Records for processing
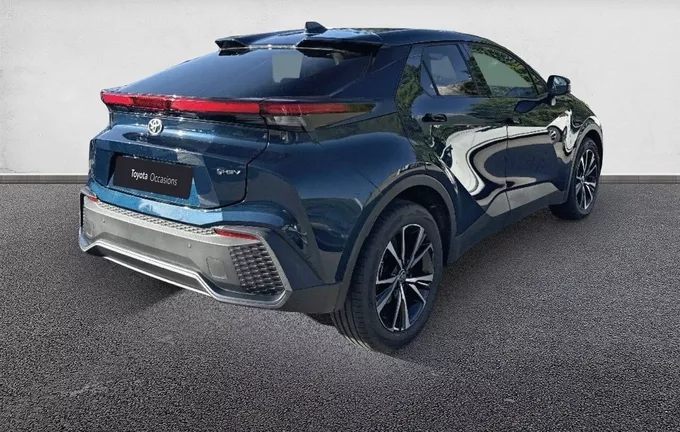 TOYOTA C-HR Hybride 200 Design extérieur trois quart arrière droit 1103378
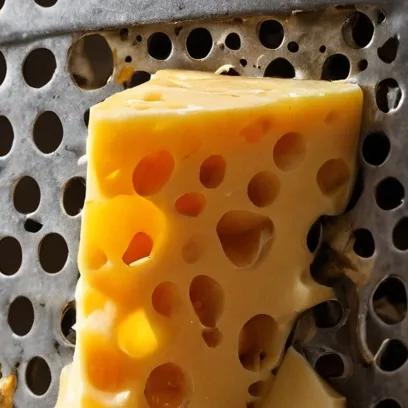 chat with ai character: fatia de queijo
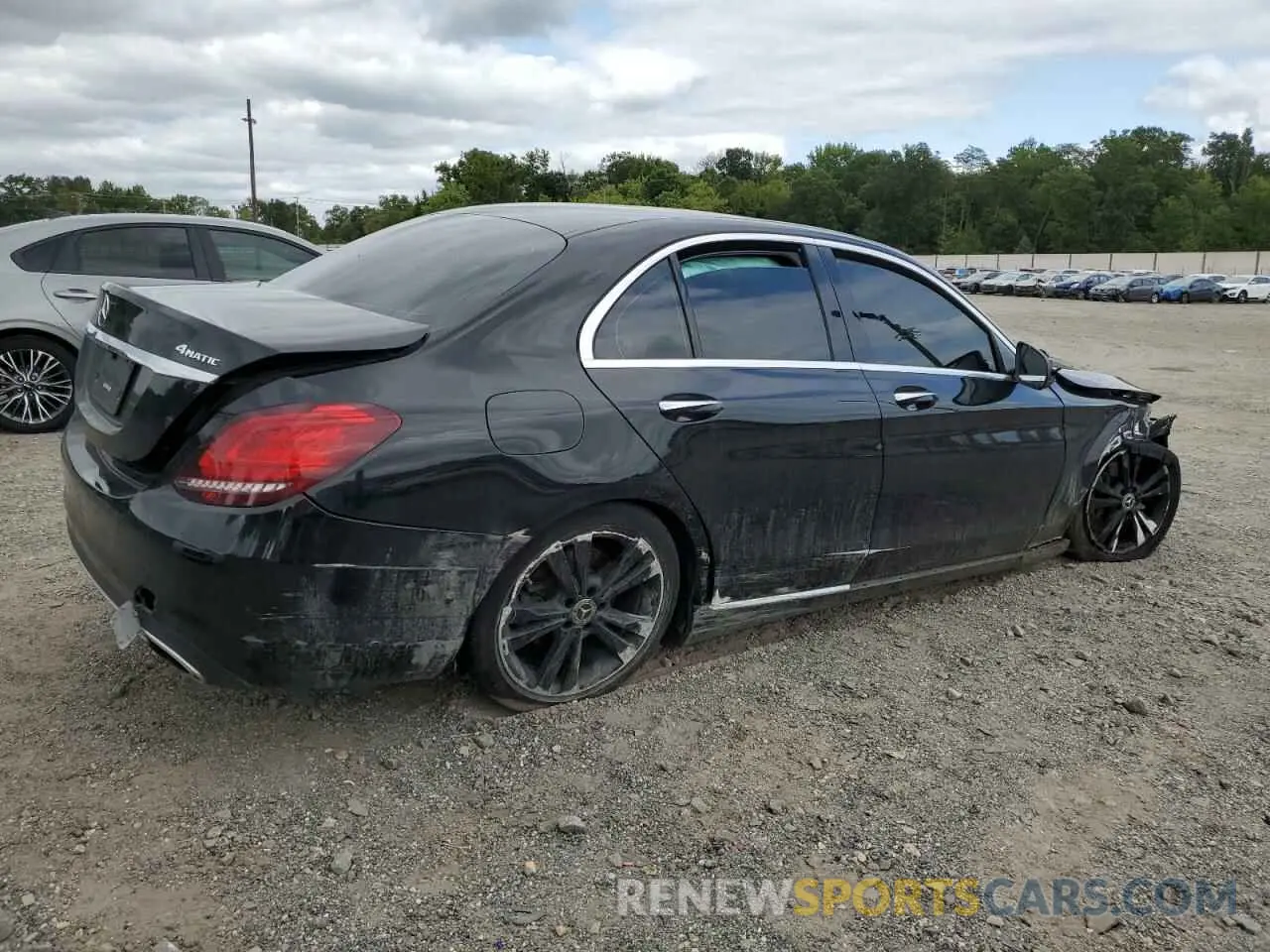3 Photograph of a damaged car 55SWF8EB0LU325592 MERCEDES-BENZ C-CLASS 2020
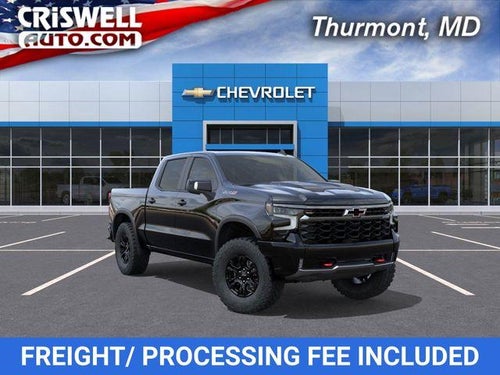 2026 Chevrolet Silverado 1500 ZR2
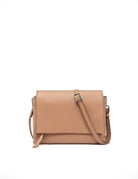 borsa pelle three clay - gianni chiarini - clutch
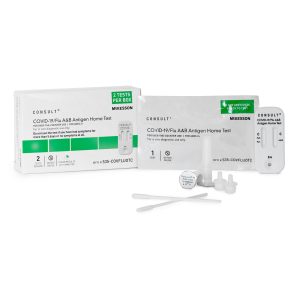 MCKESSON BRAND McKesson Consult® COVID-19/Flu A & B Antigen Home Test 535-COVFLUOTC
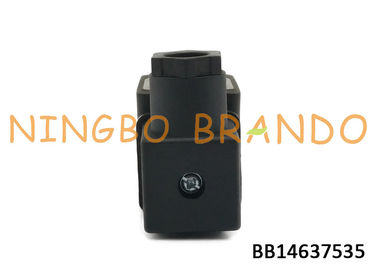Parkerのタイプ483510S4 48/50-60の9W標準的な空気のソレノイドのコイルのBi頻度FクラスDIN43650A PN 439526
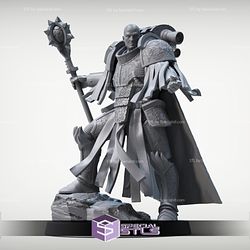 Warlock 3D Printing Figurine STL Files Fanart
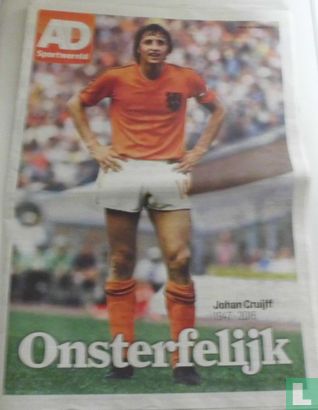 AD - Algemeen Dagblad - Sportwereld [bijlage] - Afbeelding 1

Task to complete
Copy nothing but the lines from the line holding "MCKESSON BRAND McKesson" through the last line of the entries, exactly, while leaving out the pictures.

Answer section
 MCKESSON BRAND McKesson Consult® COVID-19/Flu A & B Antigen Home Test 535-COVFLUOTC
Parkerのタイプ483510S4 48/50-60の9W標準的な空気のソレノイドのコイルのBi頻度FクラスDIN43650A PN 439526
 Warlock 3D Printing Figurine STL Files Fanart
 AD - Algemeen Dagblad - Sportwereld [bijlage] - Afbeelding 1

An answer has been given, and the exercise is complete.